Thanks to a special invitation by the Diocese of Calgary extended to Michelle Scott, our Director of Indigenous Initiatives, StMU was able to form a delegation comprised mainly of Indigenous students, alumni and local Elders and Knowledge Keepers – with many members of our delegation being residential school survivors or the family member of a survivor. Also joining our delegation was President-elect Dr. Sinda Vanderpool, and Director of Campus Ministry, Jolene Smith.

Michelle Scott (left) pictured with delegation members on the road.

“The formation of this delegation offered a clear opportunity to invite urban Indigenous Elders and knowledge keepers who everyday share their wisdom and support with institutions from Calgary – but aren’t from this territory and might not have someone from their home community inviting them,” explains Michelle Scott.

This was a historical event for our delegation to attend, and in his apology on July 25th at the site of a former residential school in Maskwacis, Pope Francis acknowledged the extent of the pain caused by the long-term practice of breaking families apart and attempting to assimilate Indigenous children into Western ways of thinking via Canada’s residential school system. He affirmed the sobering reality that many wounds are still wide open.

Through his translator, Pope Francis addressed the crowd with an unequivocal and contrite apology on behalf of the Catholic Church – an apology that many believed would never come. He asked for forgiveness for the sins committed and stated that on behalf of the Church, he is “sorry for the ways in which, regrettably, many Christians supported the colonizing mentality of the powers that oppressed the Indigenous Peoples.”

For residential school survivors and their families, this was a long-awaited moment to hear such an undeniable apology on sacred land.

“The apology felt genuine in that moment and in that space, it felt authentic. It was a remarkable moment for the Elders in our delegation, who commented that they couldn’t believe in their lifetime they were hearing this apology,” says Michelle.

“They could remember being a child and being taken from their home and told they couldn’t speak their language or practice their culture. And now they are receiving an apology. An apology can only do so much, but at least now we can move forward in a way that isn’t denying the truth.”

Michelle, who is a part of the Mi’kmaq Nation and has roots from the Paul family in Newfoundland, found the formal apology at Maskwacis to be both “surreal” and “moving” and a testimony of the resiliency and strength of Indigenous communities.

“It was Indigenous people showing that this is our home territory, and this is what it means to be a good host and a good relative.

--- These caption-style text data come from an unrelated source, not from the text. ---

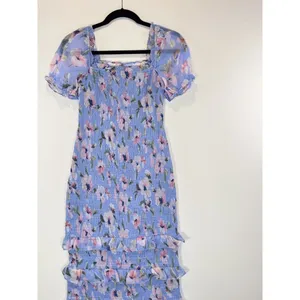 Abercrombie Fitch Dress Purple Smocked Midi Bodycon Floral Ruffle Coquette Small thumbnail 5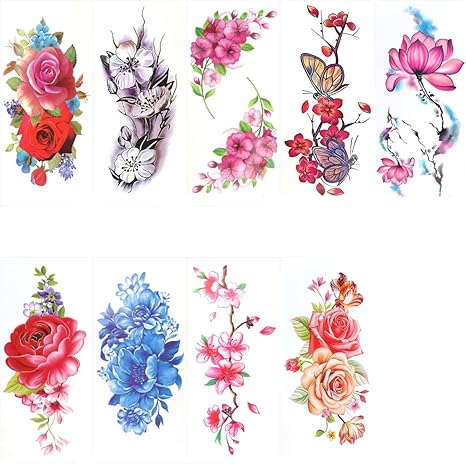 Rosenice Tatouages Temporaires 9 Belle Fleurs Tatouage Avec Le Corps Rose Pivoine Papillon Lotus Fleurs De Cerisier Corps Autocollants Pour Les Femmes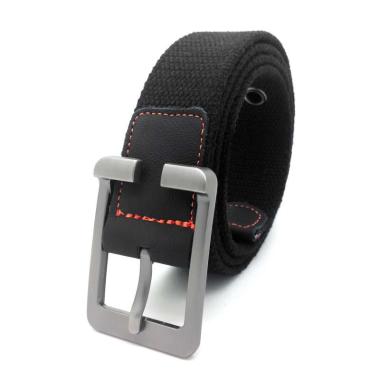 BREWYN LUDWIG Ikat pinggang pria gesper pria canvas belt 120 cm BLACK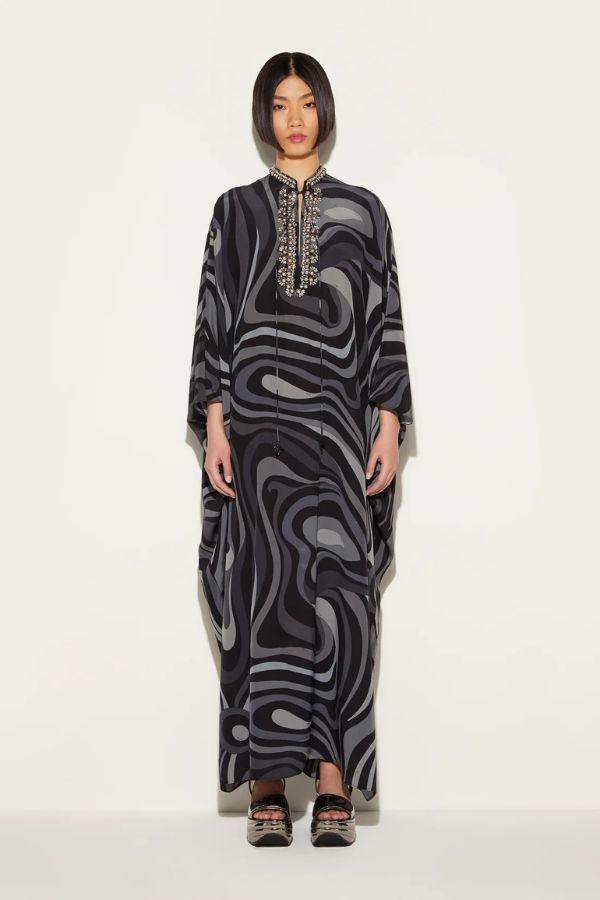 Geometric Print Hand Work Kaftan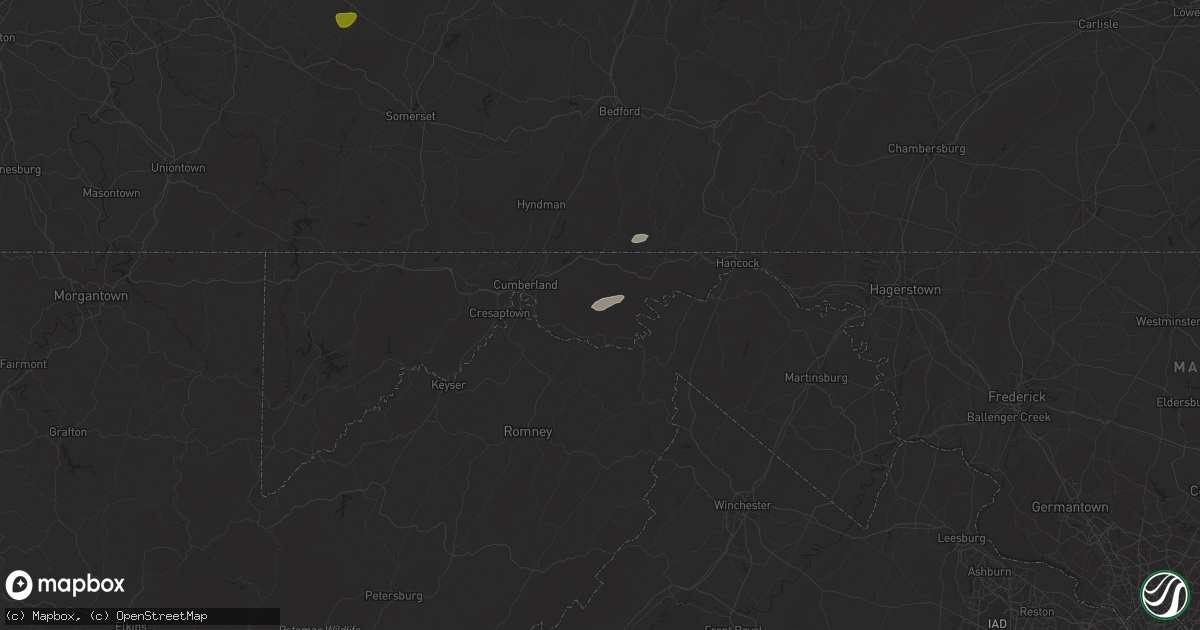 Hail map in Oldtown, MD on May 29, 2024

It was really beautiful to experience, it showed such resilience and pride,” explains Michelle. “It showed that we are still here and that we are strong. The whole reason for this apology was the cultural genocide of our people, but we were able to show that we are still here and that our beautiful culture and knowledge is still alive and being passed down.”

In addition to the formal apology at Maskwacis, our delegation attended two other events on the Pope’s penitential pilgrimage: an open-air Mass with Pope Francis, and a pilgrimage to the site of Lac Ste. Anne with the Liturgy of the Word. These events were selected to fit the ‘theme’ of walking together on a pilgrimage of healing, reconciliation and hope.

Pictured left to right: Jolene Smith, Métis StMU graduate Caij Meloche, Dr. Sinda Vanderpool

“At every event we attended, I was consistently reminded of the generous and strong spirit of Indigenous peoples.  The focus was always on the Indigenous People’s tremendous generosity and kindness as they welcomed others and shared their culture,” says Jolene Smith, our Director of Campus Ministry. “Often, I was aware of how difficult this was for many people – the hurt that was present, how it was affecting people and yet within all of it, healing and forgiveness was also taking place.  I am honoured to have been a part of our delegation, to hear these unique perspectives and learn from them.”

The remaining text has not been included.